ENTRIES SUPPLIED:
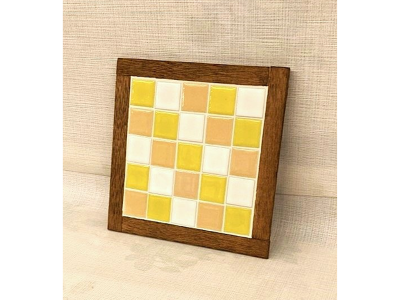 色選びも楽しい「タイル鍋敷き」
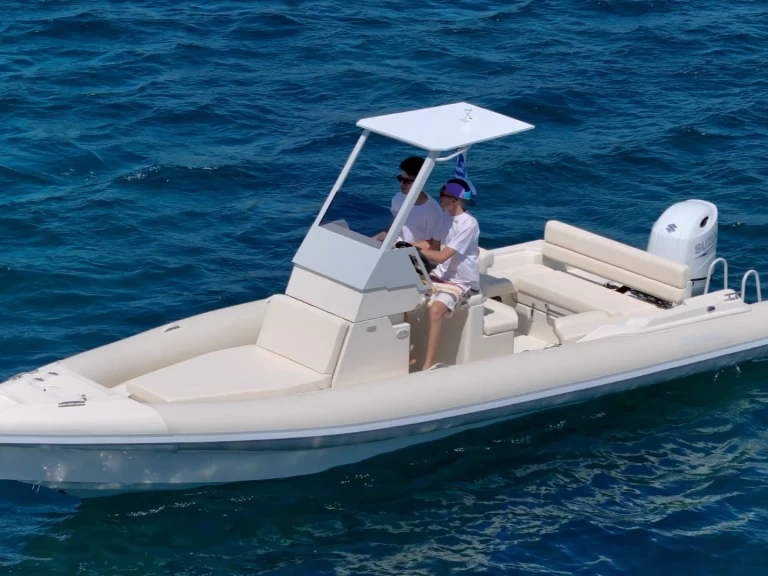 Alquiler de Oceanic A7 en Platys Gyalós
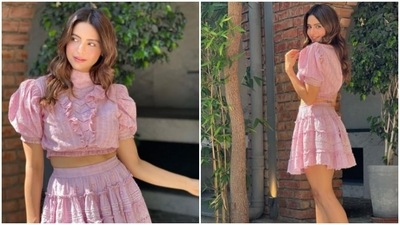 Aamna Sharif is an absolute fashionista. The actor keeps slaying fashion goals like a pro with snippets from her best-dressed diaries. The actor is freshly back from her dreamy vacation in Maldives, and is embracing summer. On Thursday, Aamna made us drool with a slew of pictures of herself looking ravishing in a pastel pink summer co-ord set. (Instagram/@aamnasharifofficial) Aamna Sharif is an absolute fashionista. The actor keeps slaying fashion goals like a pro with snippets from her best-dressed diaries. The actor is freshly back from her dreamy vacation in Maldives, and is embracing summer. On Thursday, Aamna made us drool with a slew of pictures of herself looking ravishing in a pastel pink summer co-ord set. (Instagram/@aamnasharifofficial)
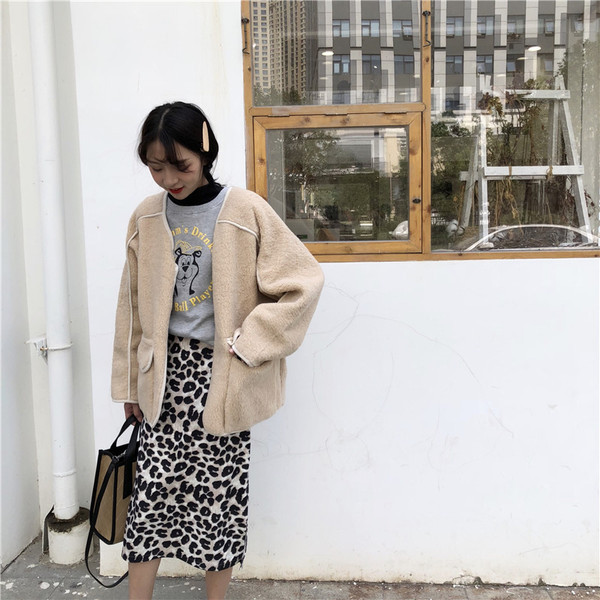 Модерно дамско късо яке в три цвята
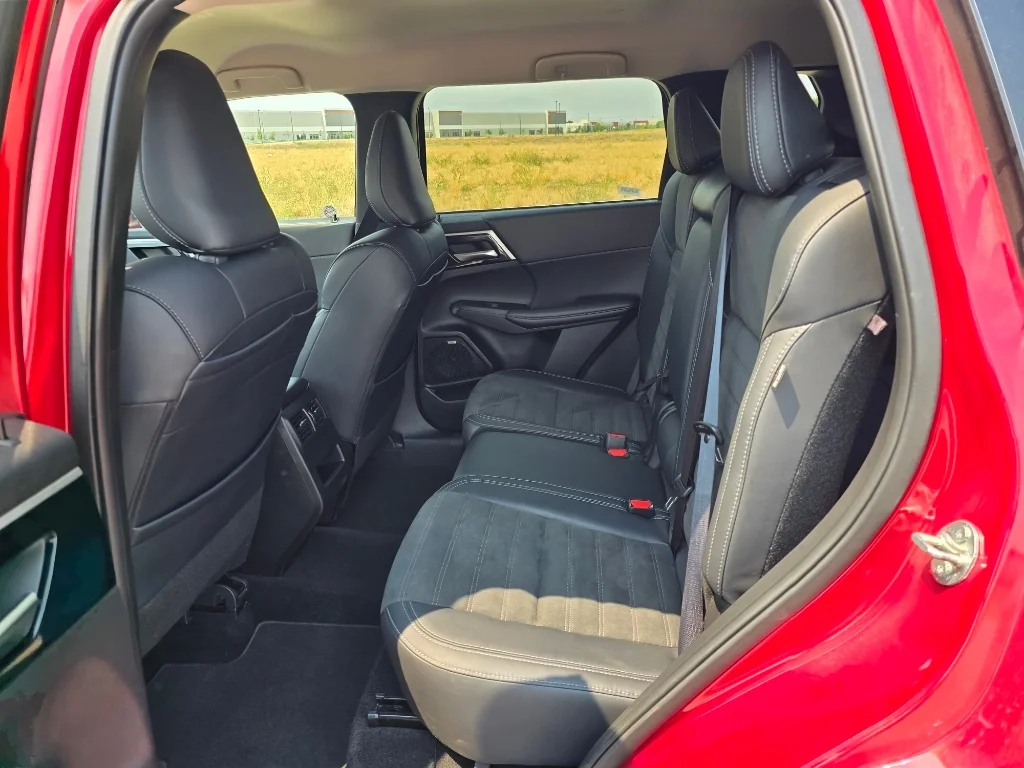 Used 2025 Red Mitsubishi Trail Edition image 14
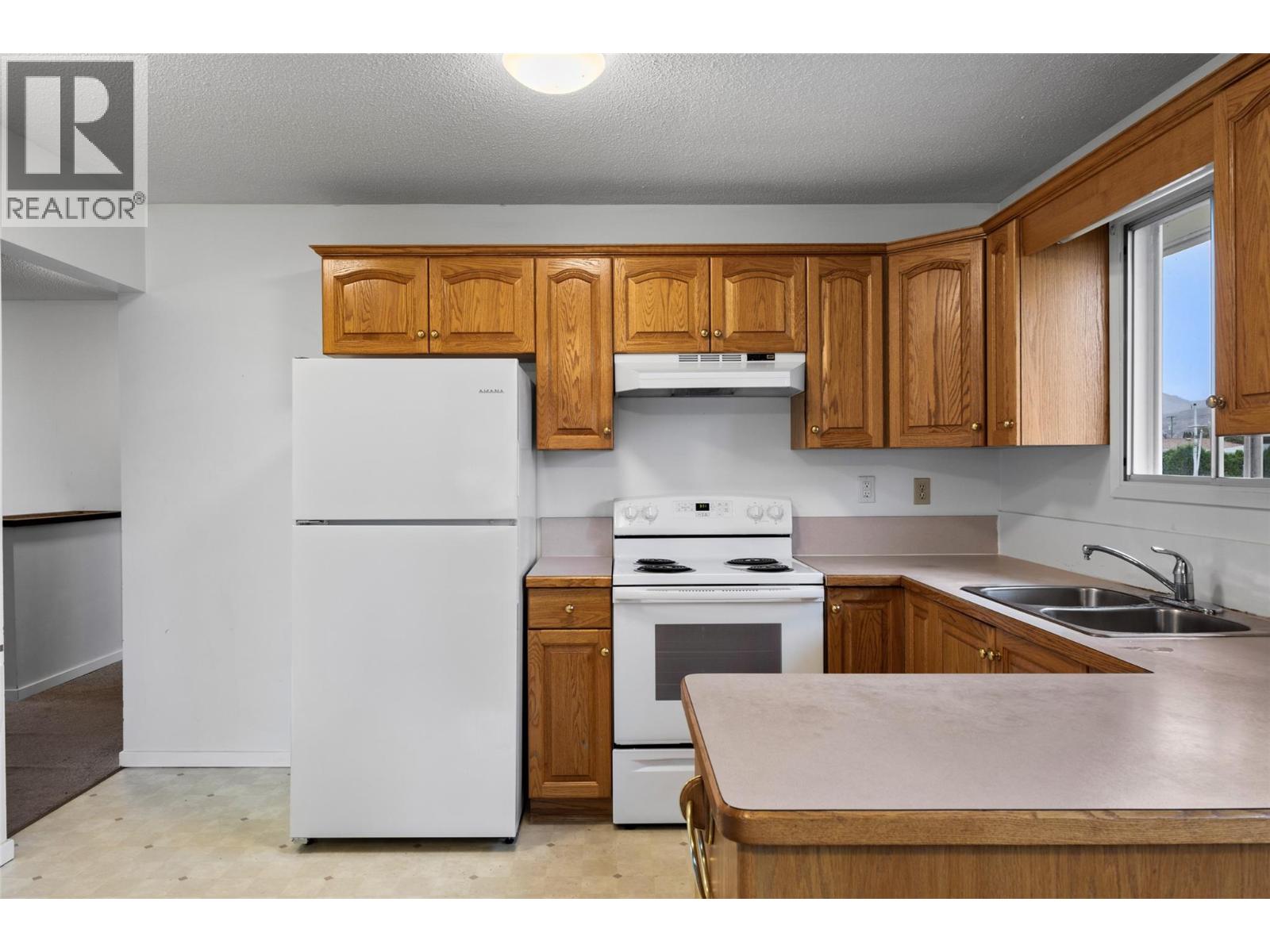 650 Richmond Avenue, Kamloops, British Columbia  V2B 1T6 - Photo 4 - 10353373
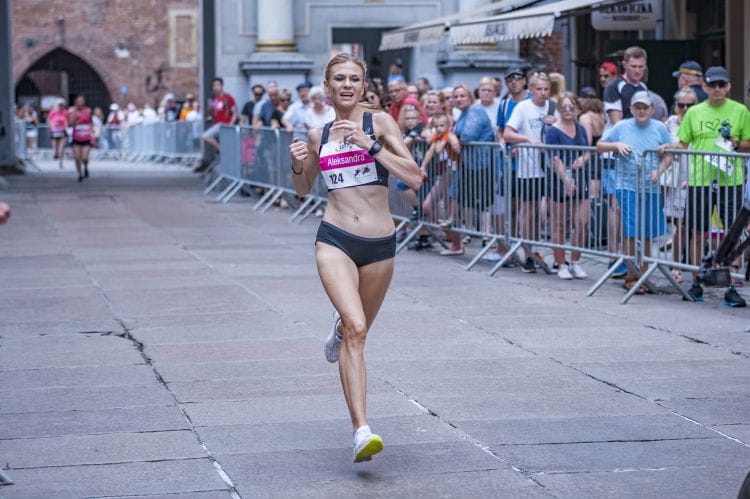 Aleksandra Brzezińska sama nie mogła uwierzyć, że z taką przewagą wygrała bieg kobiet na 5 kilometrów. 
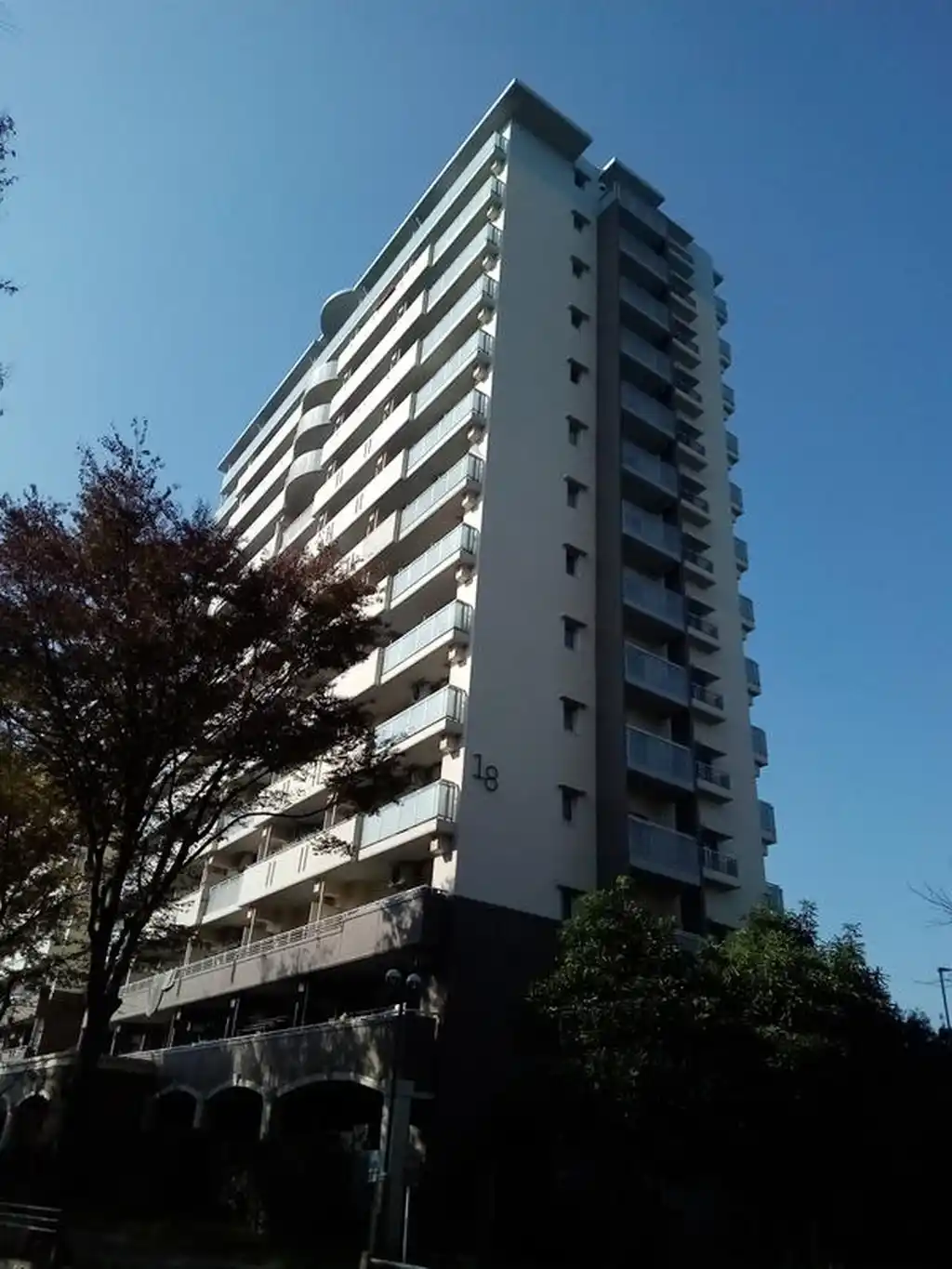 UR都市機構芦花公園団地18号棟 外観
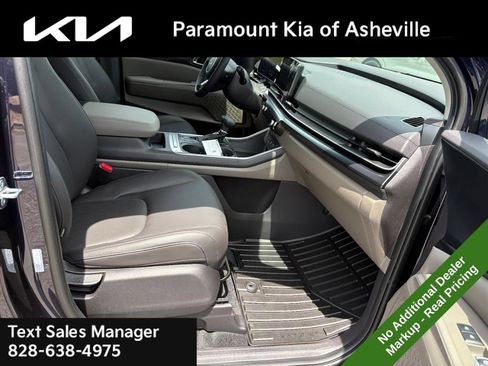 New 2026 Kia Carnival FWD image 19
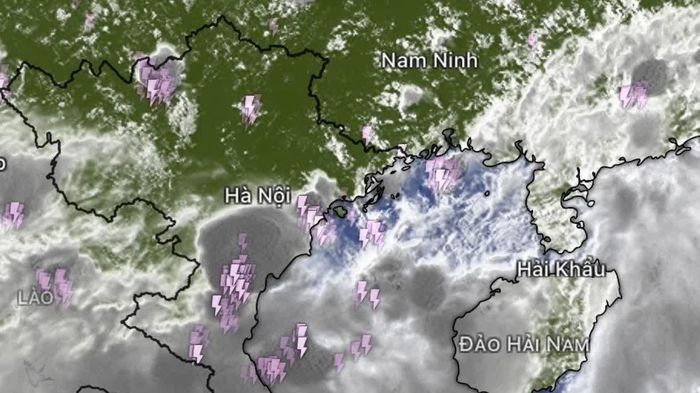 Hai kịch bản của áp thấp nhiệt đới đều gây mưa lớn ở miền Bắc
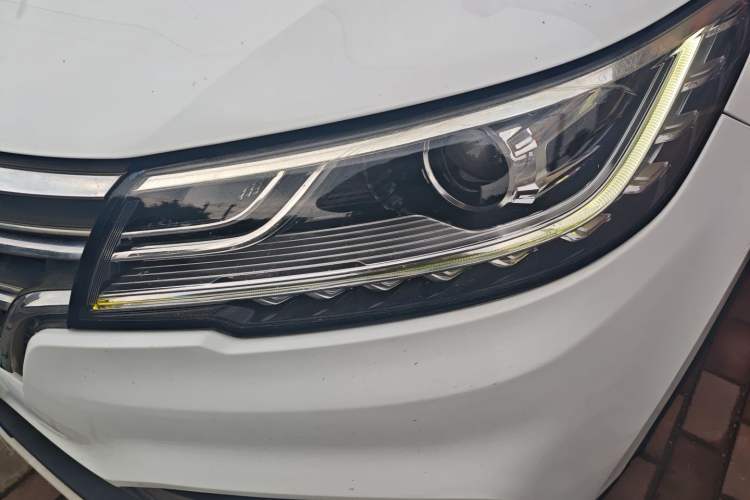 Used Roewe RX3 2018 1.6L Manual Flagship Edition
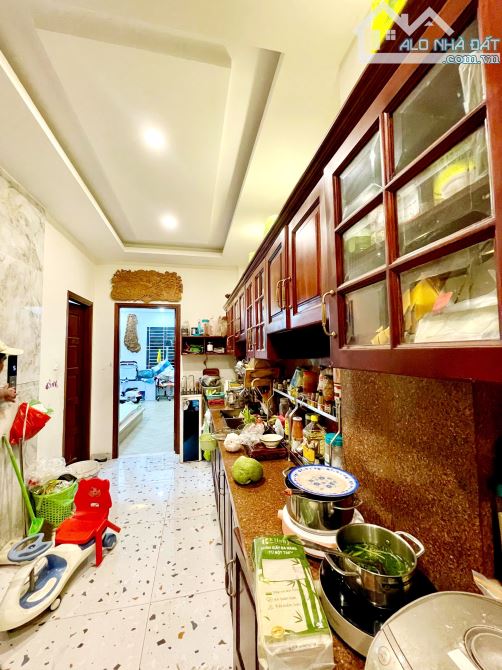 Giảm Hơn 3 Tỷ, Nhà 6 Lầu 6x30m Mặt Tiền Đường Nguyễn Thị Sóc Hóc Môn Giá 13.9 Tỷ - 2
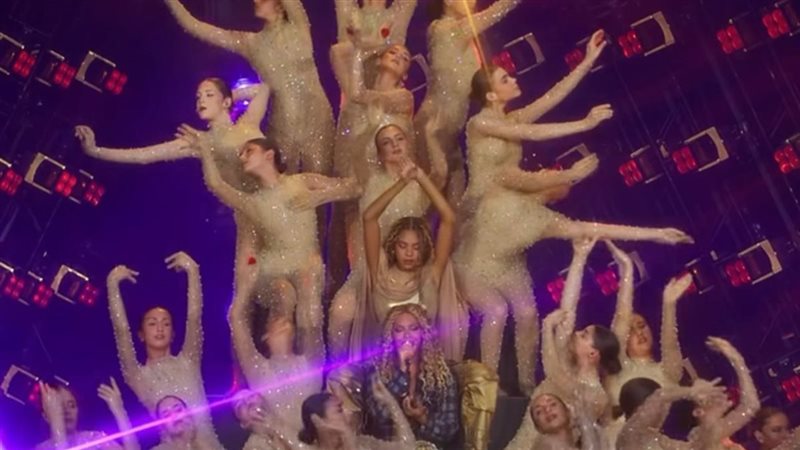 فرقة مياس مع بيونسيه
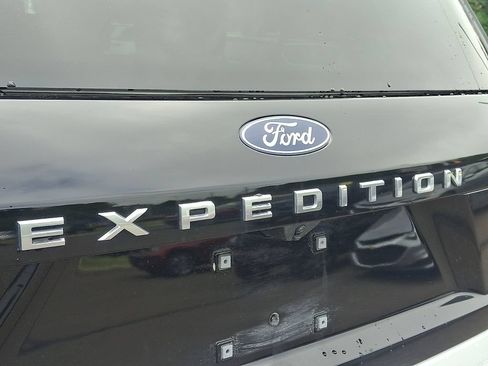 Used 2025 Ford Expedition Max Active AWD/4WD image 31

ASSIGNMENT:
Please retype, exactly and only, the lines from the one holding "650 Richmond Avenue, Kamloops, British" to the end of the entries, both ends included, without any pictures.

RESPONSE TO THIS EXERCISE:
 650 Richmond Avenue, Kamloops, British Columbia  V2B 1T6 - Photo 4 - 10353373
 Aleksandra Brzezińska sama nie mogła uwierzyć, że z taką przewagą wygrała bieg kobiet na 5 kilometrów. 
 UR都市機構芦花公園団地18号棟 外観
 New 2026 Kia Carnival FWD image 19
 Hai kịch bản của áp thấp nhiệt đới đều gây mưa lớn ở miền Bắc
 Used Roewe RX3 2018 1.6L Manual Flagship Edition
 Giảm Hơn 3 Tỷ, Nhà 6 Lầu 6x30m Mặt Tiền Đường Nguyễn Thị Sóc Hóc Môn Giá 13.9 Tỷ - 2
 فرقة مياس مع بيونسيه
 Used 2025 Ford Expedition Max Active AWD/4WD image 31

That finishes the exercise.